I did it with custom parsing[0] and treated the numbers as 16 bit integers, the representation in the file is not a constant number of bytes which complicates the table approach. If you end up computing a hash I think it might be slower than just doing the equivalent parsing I do and a four byte constant table will be very large and mostly empty. Maybe a a trie would be good.
0: https://github.com/k0nserv/brc/blob/main/src/main.rs#L279
I was curious how long it would take with Polars (for scale), apparently 33s: https://github.com/Butch78/1BillionRowChallenge/tree/main
The more accurate statement would be is Go incapable of optimizations performed by Java and then Java is incapable of optimizations performed by C# and C++ implementations.
See https://hotforknowledge.com/2024/01/13/1brc-in-dotnet-among-...

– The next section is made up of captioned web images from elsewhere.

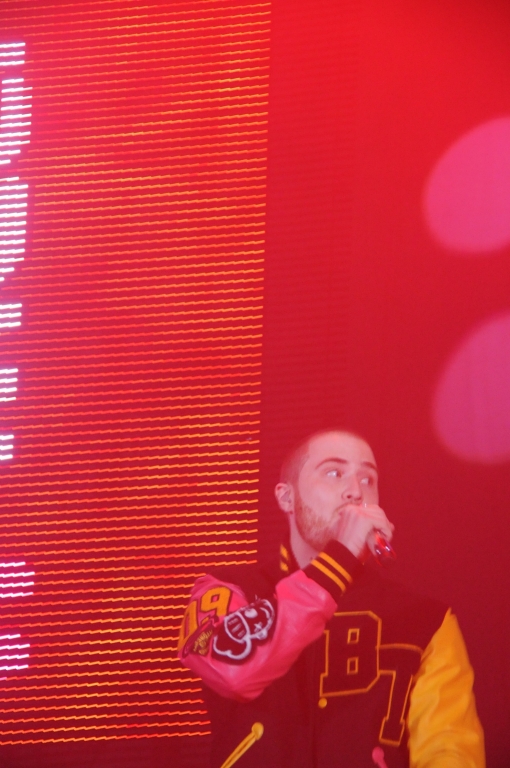 Mike Posner - Metro Radio Live 2011
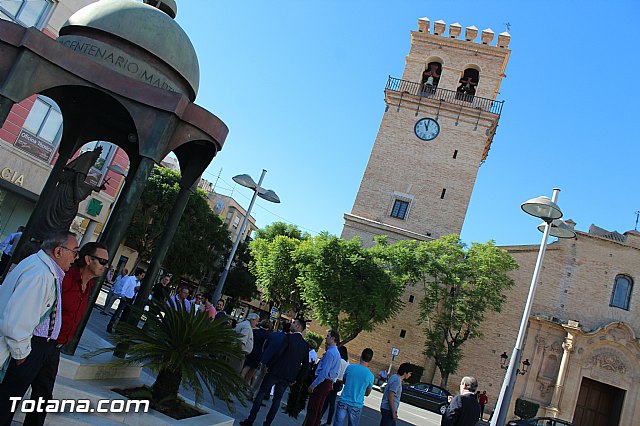 Homenaje a la Bandera - PP Totana - 12/10/2015 - 20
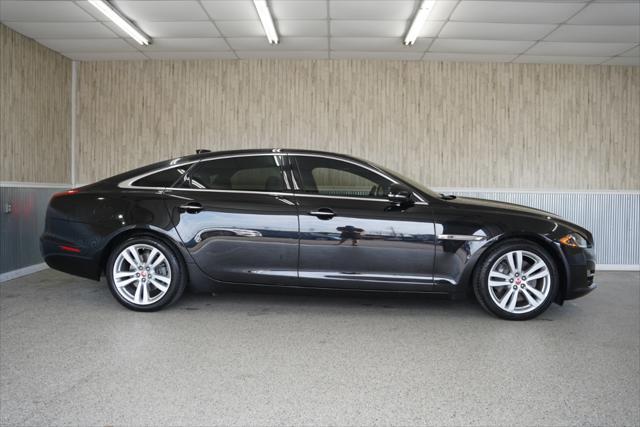 used 2017 Jaguar XJ car, priced at $19,875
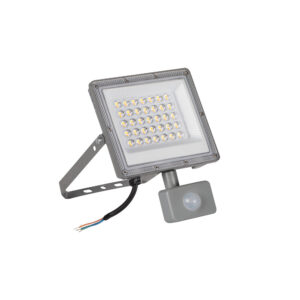 LED floodlight Kanlux ACETE 30W CCT SE GR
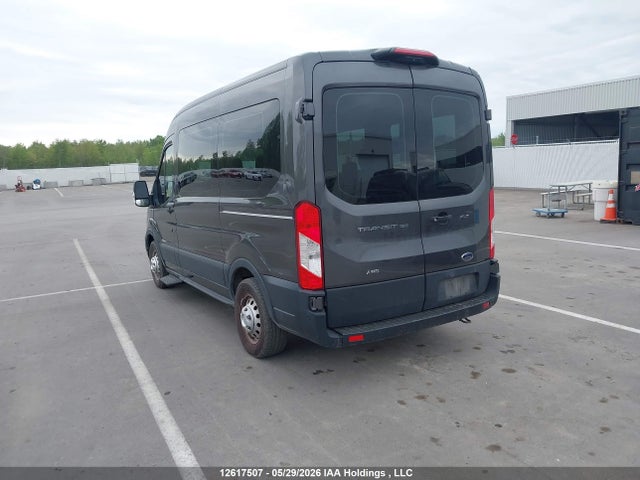 1FMZK2C87LKB19358 Ford Transit T-150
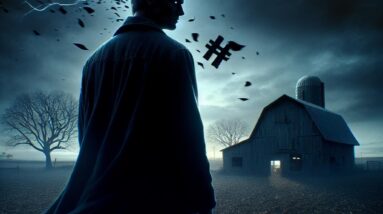 Mysterious Figure Promises Superman’s Destruction in Explosive Farm Attack #shorts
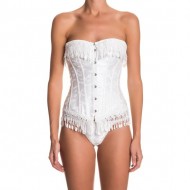 Corset Alexandra Crema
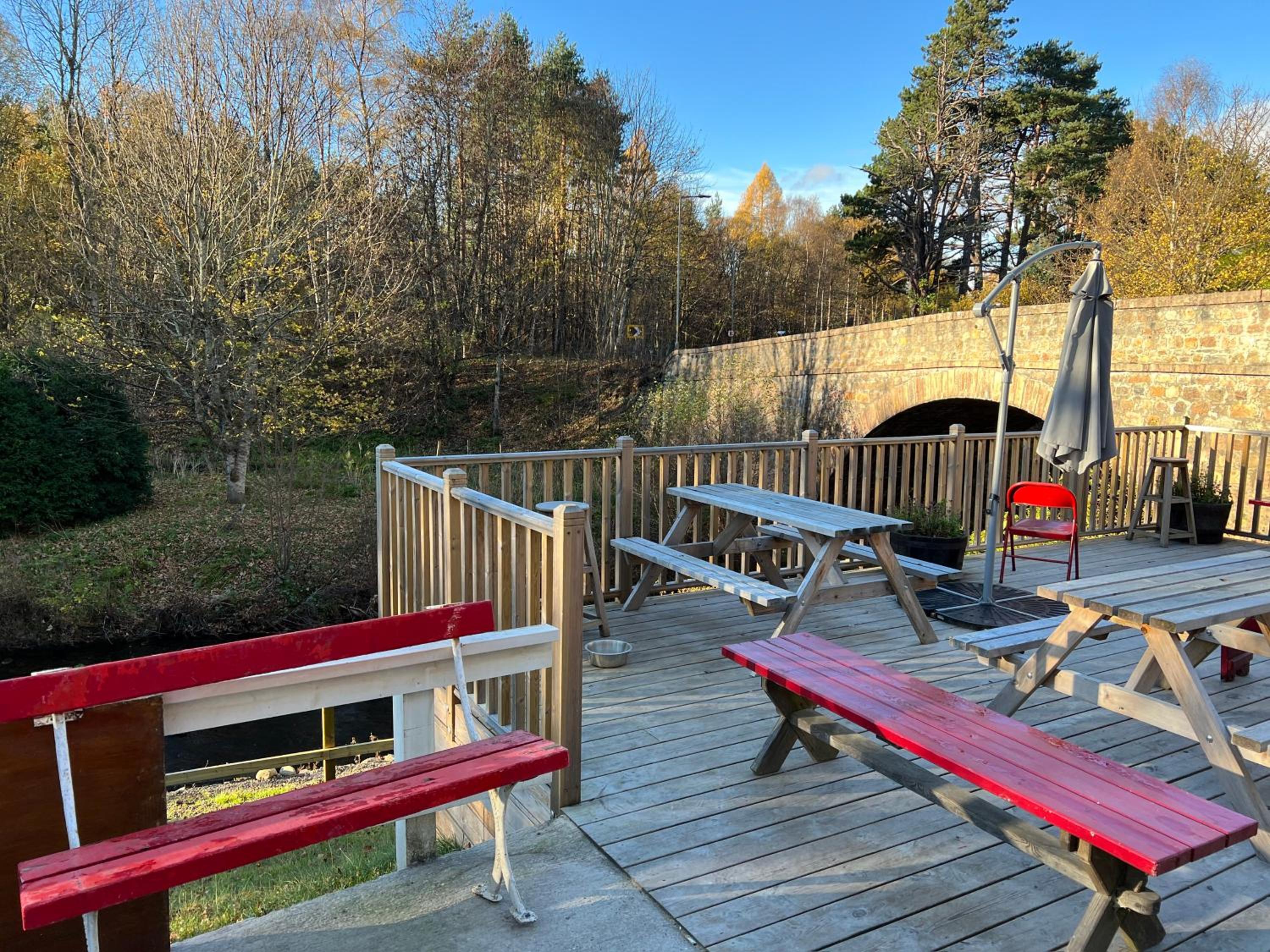 The Fiddichside Inn view 5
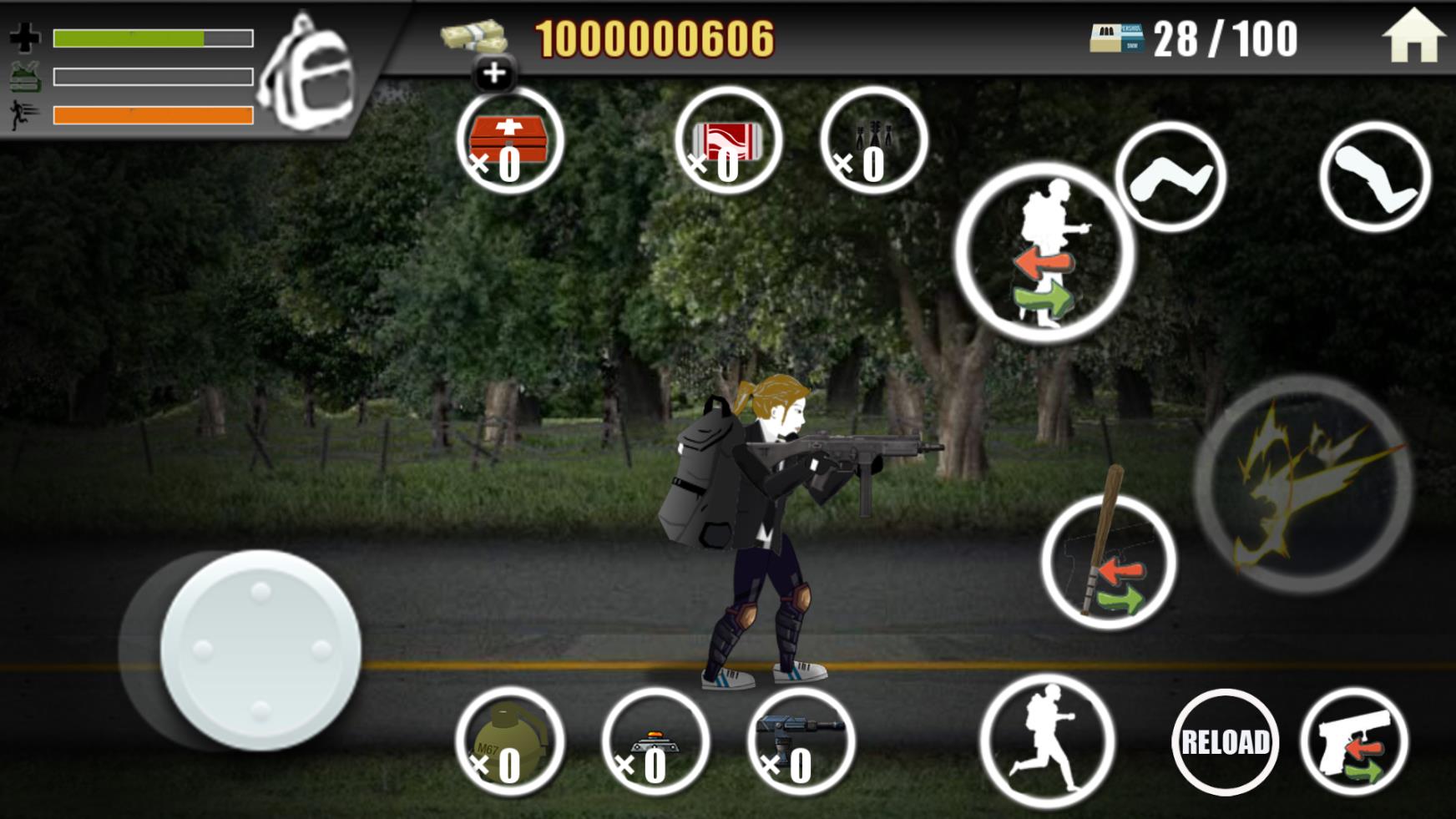 僵尸幸存者之城截图1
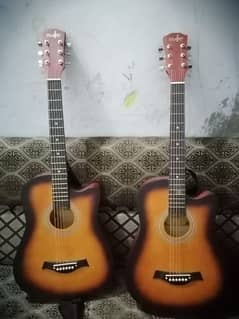 2 guitars for sale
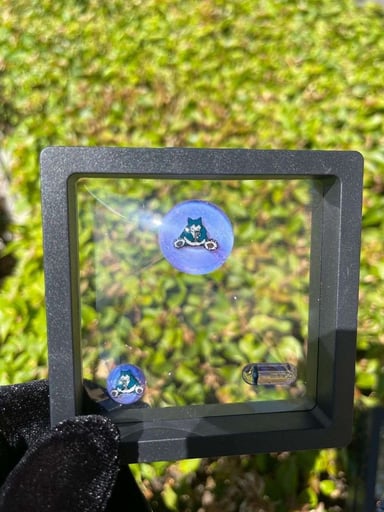 Preview pic of Snorlax slurper set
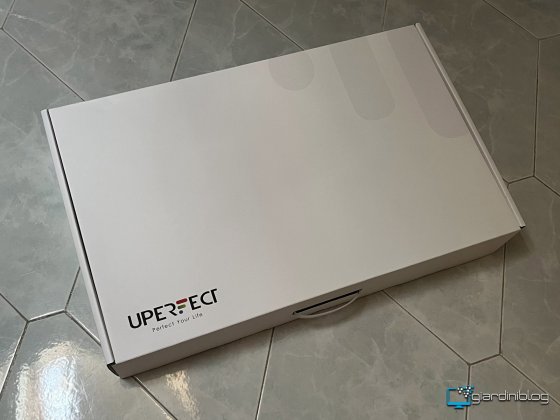Unboxing UPERFECT UMax 23 Pt 1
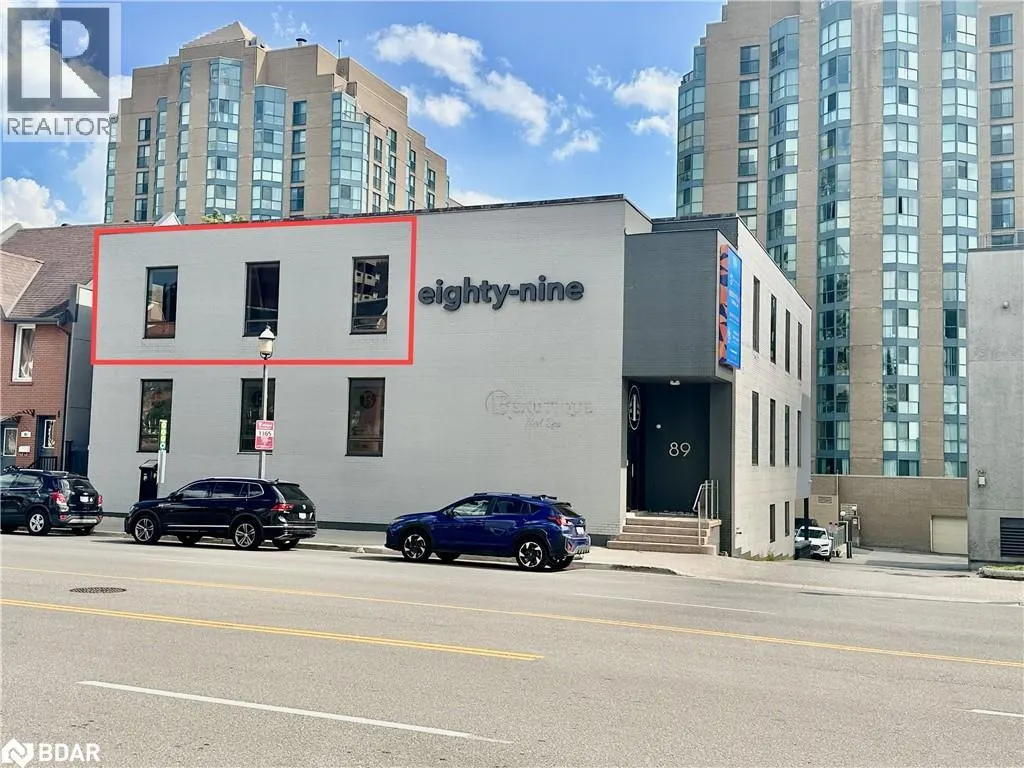 89 COLLIER Street Unit# 201, #201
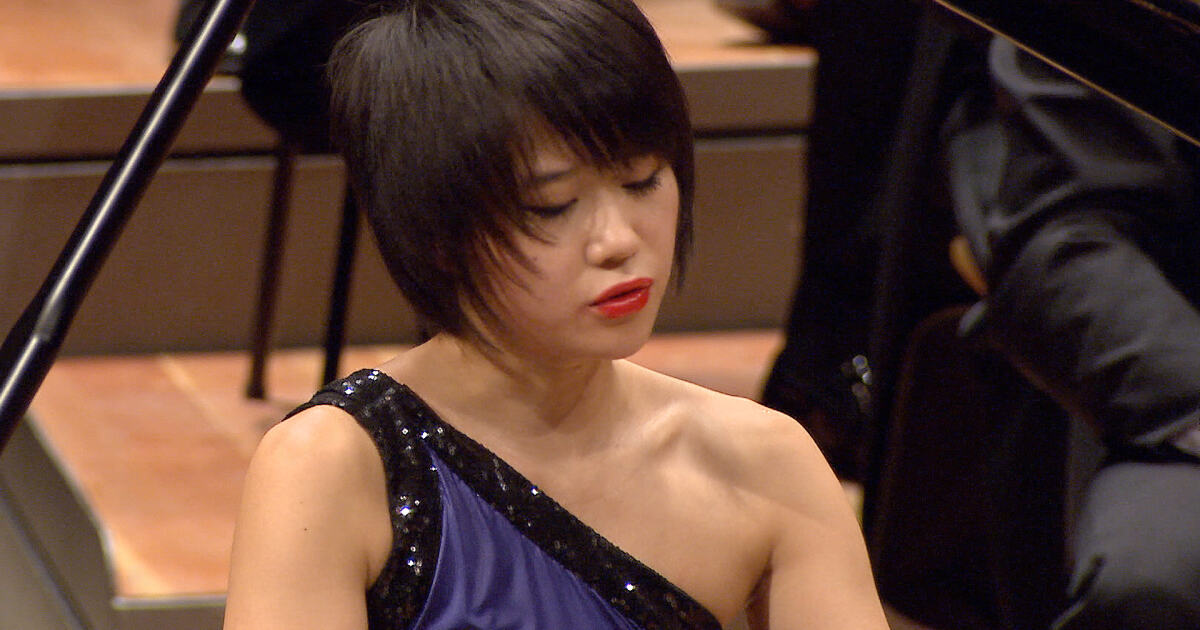 Yuja Wang plays Prokofiev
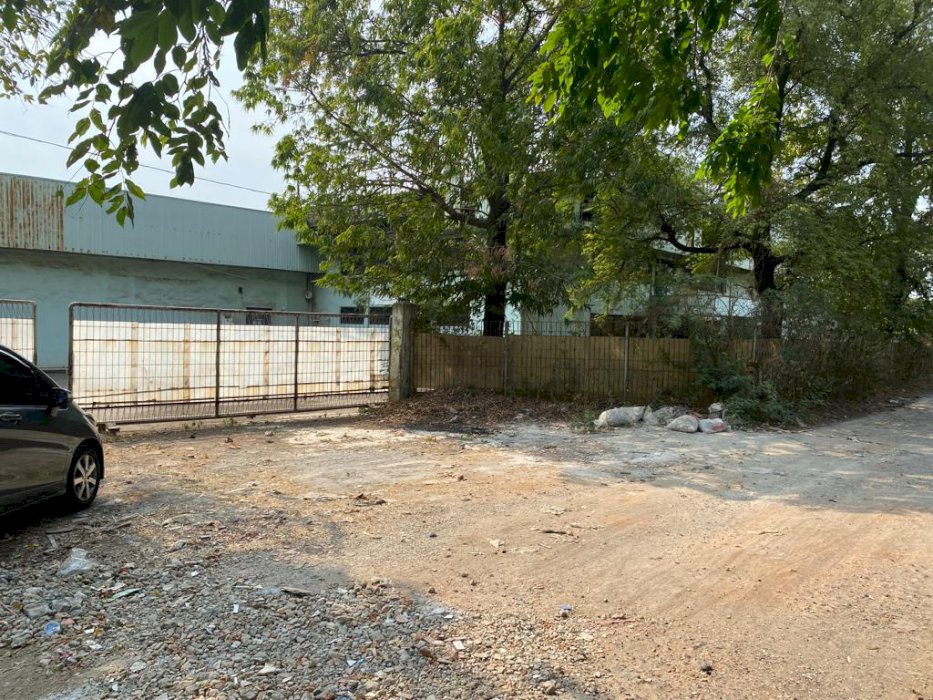 DI JUAL TANAH ex Pabrik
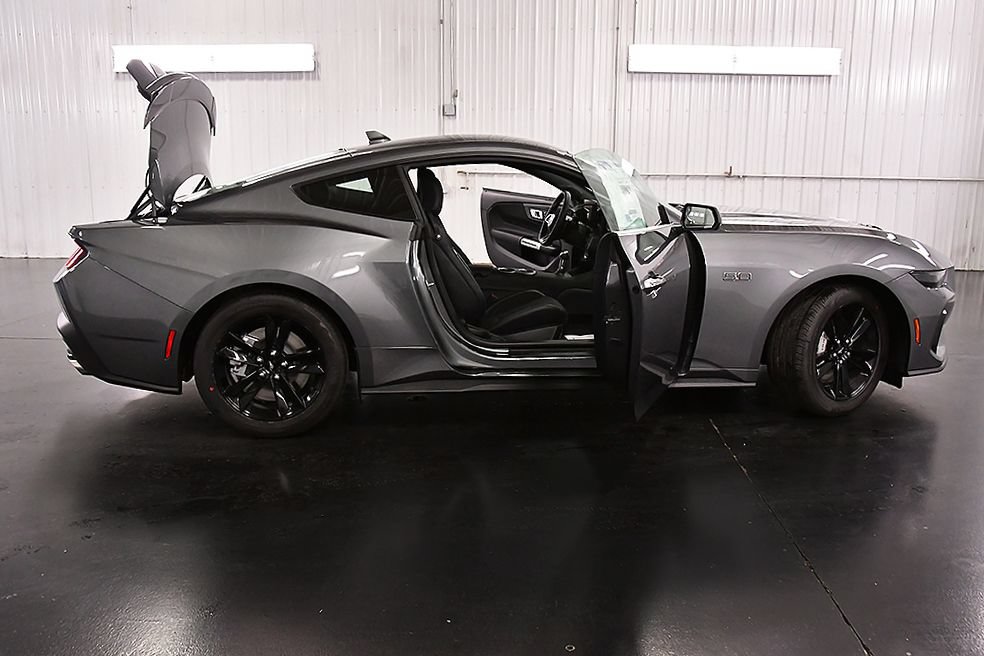 New 2026 Ford Mustang GT RWD image 31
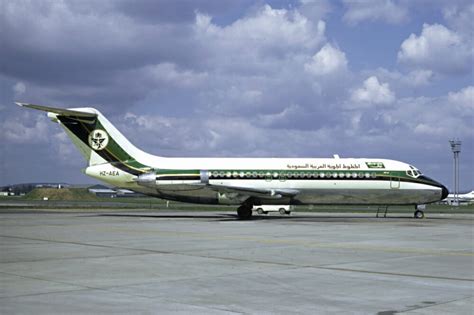 A Journey Through Time: Saudia's Fleet History - Simple Flying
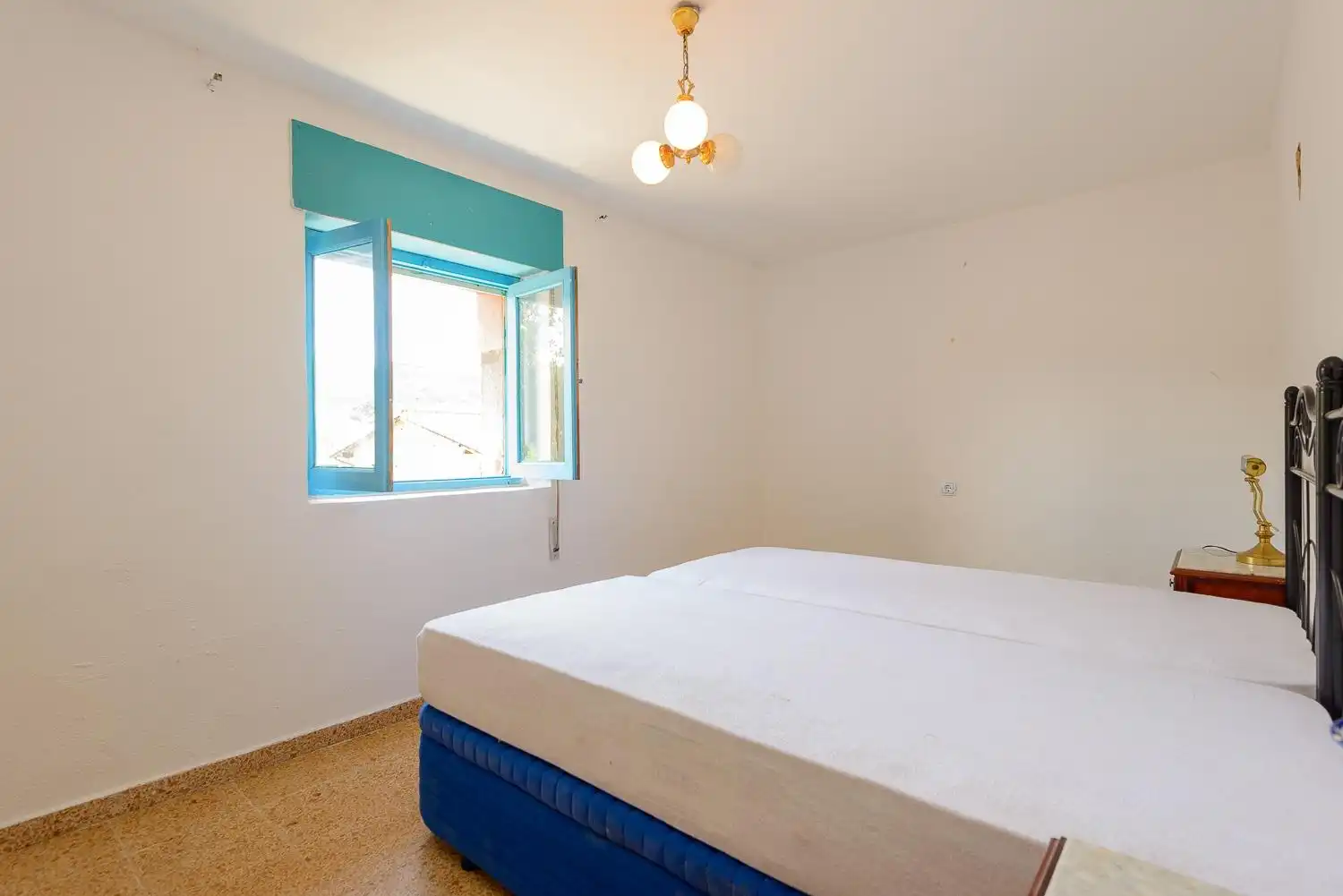 Schlafzimmer von Country house zum Verkauf in Cudillero mit Privatgarten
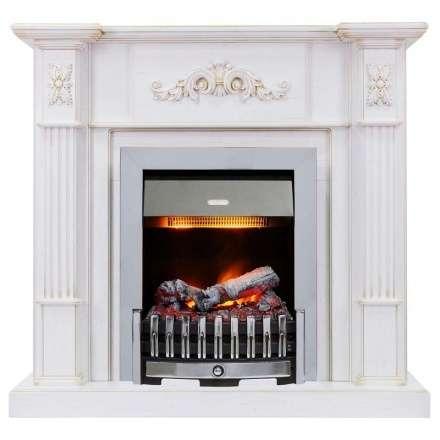 Электрокамин Dimplex Danville Chrome FB2 в Бобруйске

Well, I guess it's more that the standard library doesn't have a cross-platform way to access them, not that memory-mapped files themselves can't be done on (say) Windows. It looks like there's a fairly popular 3rd party package that supports at least Linux, macOS, and Windows: https://github.com/edsrzf/mmap-go
https://github.com/attractivechaos/plb2/blob/master/README.m...
Synthetic benchmarks aside, I think as far as average (spring boots of the world) code goes, Go beats Java almost every time, often in less lines than the usual pom.xml
I thought this was an illustrative example of how to process big datasets. We could easily have a statistic per e.g. bitcoin address in a different problem, see https://github.com/afiodorov/bitcoin_ancestries .
I struggle a lot with this toy problem. Without constraints too trivial to pay attention to; then no one seems to agree on potential real-world constraints.